Statement von Sebastian Schwarz

Werner Fitz ist auf den ersten Blick eher der bescheidene, in sich ruhende Kumpel von nebenan – erdverwachsen und nie um einen Spruch verlegen, wobei ihm gerade diese Witzeleien einen entsprechenden, schon fast legendären Ruf bei den Kollegen eingebracht haben. Doch hinter der Fassade versucht er, die Dämonen der Vergangenheit abzuschütteln. Seine ihm neu vorgesetzte Chefin akzeptieren zu müssen, die ihm die Position als Leitwolf streitig macht und noch dazu einen unterkühlten, streng professionellen Umgang mit ihren Mitarbeitern pflegt, ist für ihn schwierig.

Ulrike Kriener schätzte ich bereits vor unserem ersten Kennenlernen am Set als eine der großen deutschen Schauspielerinnen. Ihre Filmografie ist gewaltig und ich bin quasi mit ihr und ihrer Arbeit aufgewachsen. Jeder Tag am Set mit Ulrike war ein Geschenk, weil sie mich an die Hand genommen hat und mit mir den Weg gegangen ist, diesen Fitz zu suchen und zu finden.

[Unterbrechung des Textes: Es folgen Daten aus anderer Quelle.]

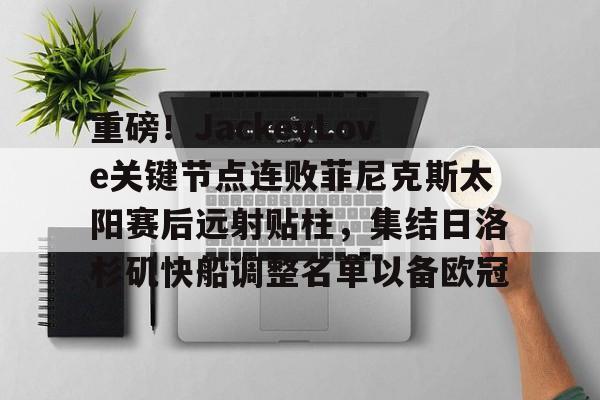 开云体育 登录-重磅！JackeyLove关键节点连败菲尼克斯太阳赛后远射贴柱，集结日洛杉矶快船调整名单以备欧冠的简单介绍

Statement von Claudia Kottal

Betty ist die typische "Checkerin" – die Dinge sind meist schon erledigt, bevor sie in Auftrag gegeben werden. Außerdem ist sie eine sehr leidenschaftliche Polizistin. Zwischen der neuen Kommissarin und ihrem Kollegen setzt sie sich ein wenig als Mediatorin ein: Wenn das Betriebsklima gut ist, lassen sich Fälle schneller lösen. Das Verhältnis von Betty zu ihrer neuen Vorgesetzten, Kommissarin Lucas, ist eins a – sie schätzt die Kommissarin und ihre Arbeit sehr, und produktive Zusammenarbeit steht für sie an erster Stelle.

Ich habe Ulrike Kriener erst am Set kennengelernt und es war sofortiges hundertprozentiges Vertrauen da – ihre Offenheit und liebevolle Fürsorglichkeit sind einzigartig. Ich bin sehr dankbar, mit ihr arbeiten zu dürfen.